**Problem details:** Beginning with the line that holds "VELCRO Brand 150pk" and ending with the last line of the entries, please output each line exactly, apart from any pictures.

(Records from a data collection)
════
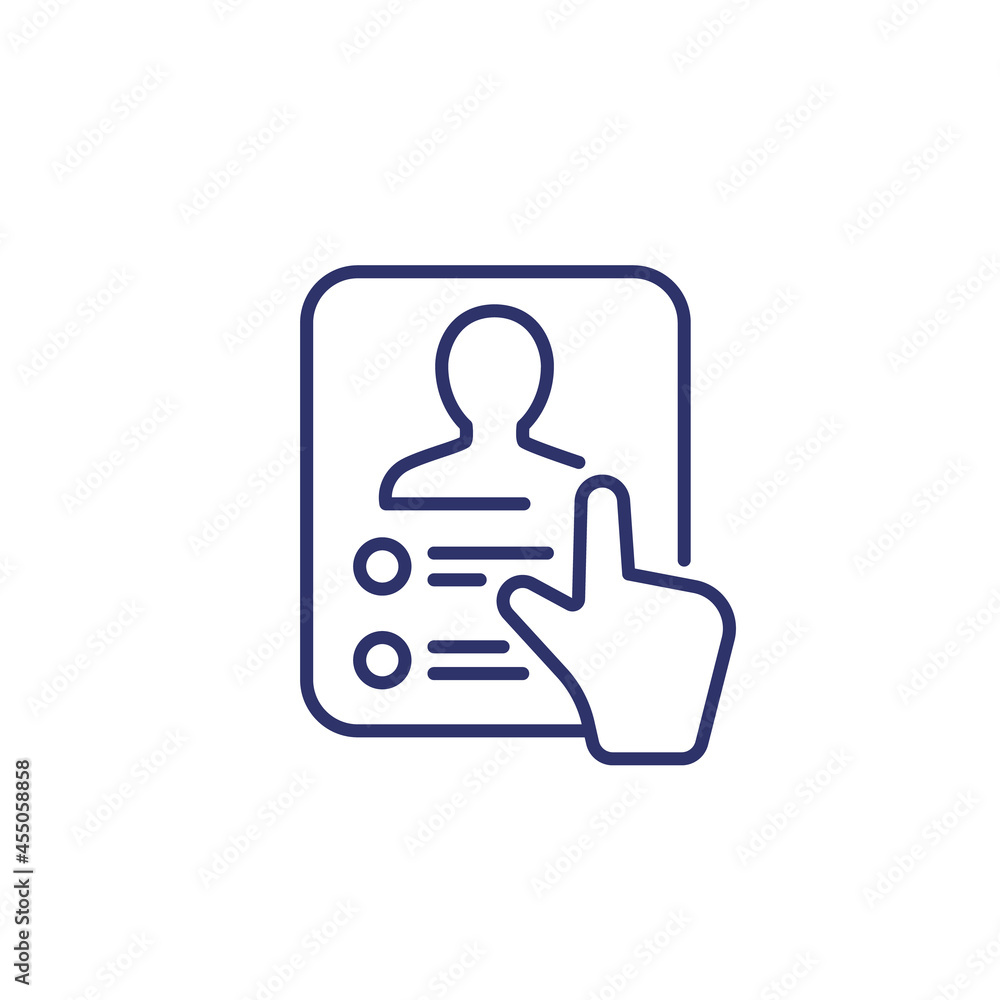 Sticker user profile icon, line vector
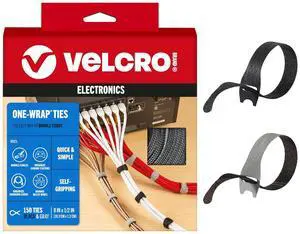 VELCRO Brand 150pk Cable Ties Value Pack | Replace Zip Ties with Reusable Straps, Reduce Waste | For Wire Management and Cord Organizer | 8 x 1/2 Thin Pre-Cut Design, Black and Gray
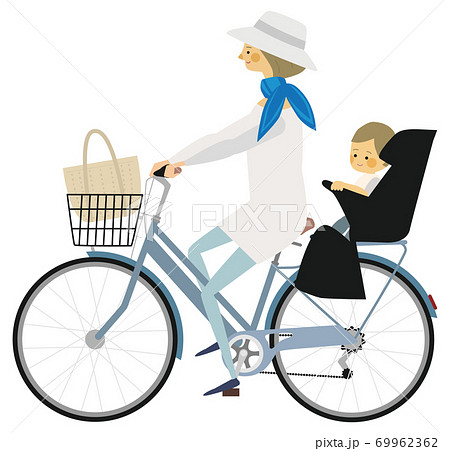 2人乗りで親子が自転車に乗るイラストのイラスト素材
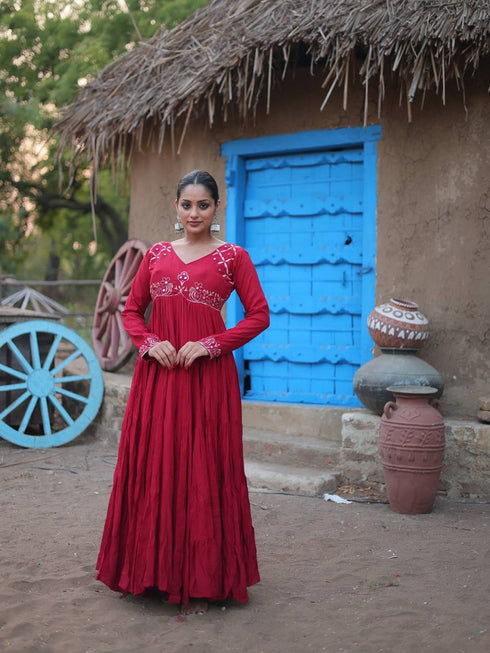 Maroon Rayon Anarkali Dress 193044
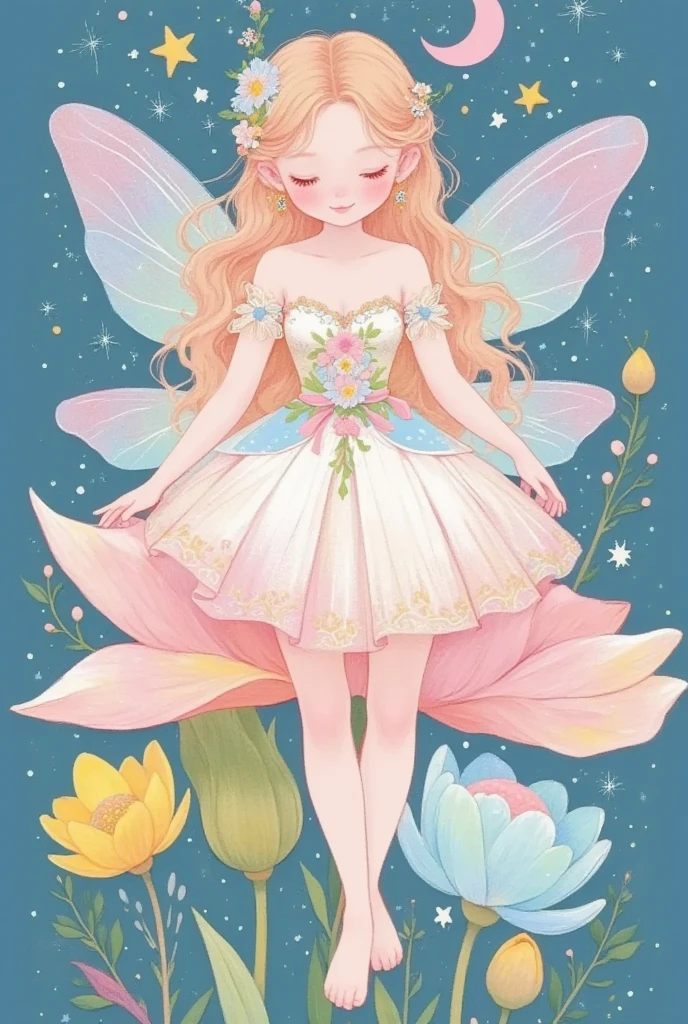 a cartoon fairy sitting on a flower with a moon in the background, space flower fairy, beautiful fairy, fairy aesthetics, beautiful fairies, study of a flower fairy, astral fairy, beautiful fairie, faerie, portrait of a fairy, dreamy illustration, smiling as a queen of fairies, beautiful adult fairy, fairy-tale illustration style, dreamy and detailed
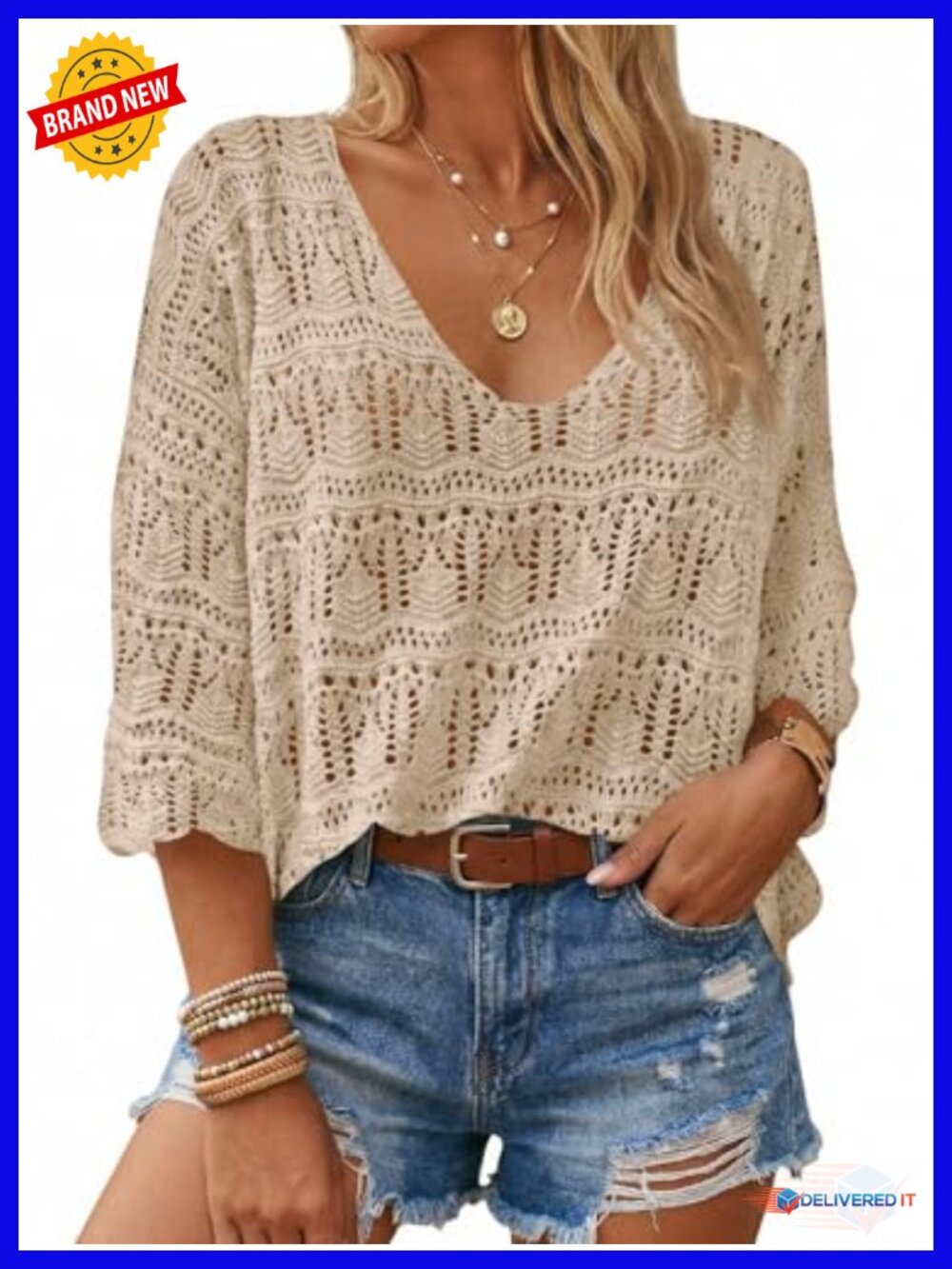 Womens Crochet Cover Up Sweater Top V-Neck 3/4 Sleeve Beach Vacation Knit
════
**Exercise solution:**
 VELCRO Brand 150pk Cable Ties Value Pack | Replace Zip Ties with Reusable Straps, Reduce Waste | For Wire Management and Cord Organizer | 8 x 1/2 Thin Pre-Cut Design, Black and Gray
 2人乗りで親子が自転車に乗るイラストのイラスト素材
 Maroon Rayon Anarkali Dress 193044
 a cartoon fairy sitting on a flower with a moon in the background, space flower fairy, beautiful fairy, fairy aesthetics, beautiful fairies, study of a flower fairy, astral fairy, beautiful fairie, faerie, portrait of a fairy, dreamy illustration, smiling as a queen of fairies, beautiful adult fairy, fairy-tale illustration style, dreamy and detailed
 Womens Crochet Cover Up Sweater Top V-Neck 3/4 Sleeve Beach Vacation Knit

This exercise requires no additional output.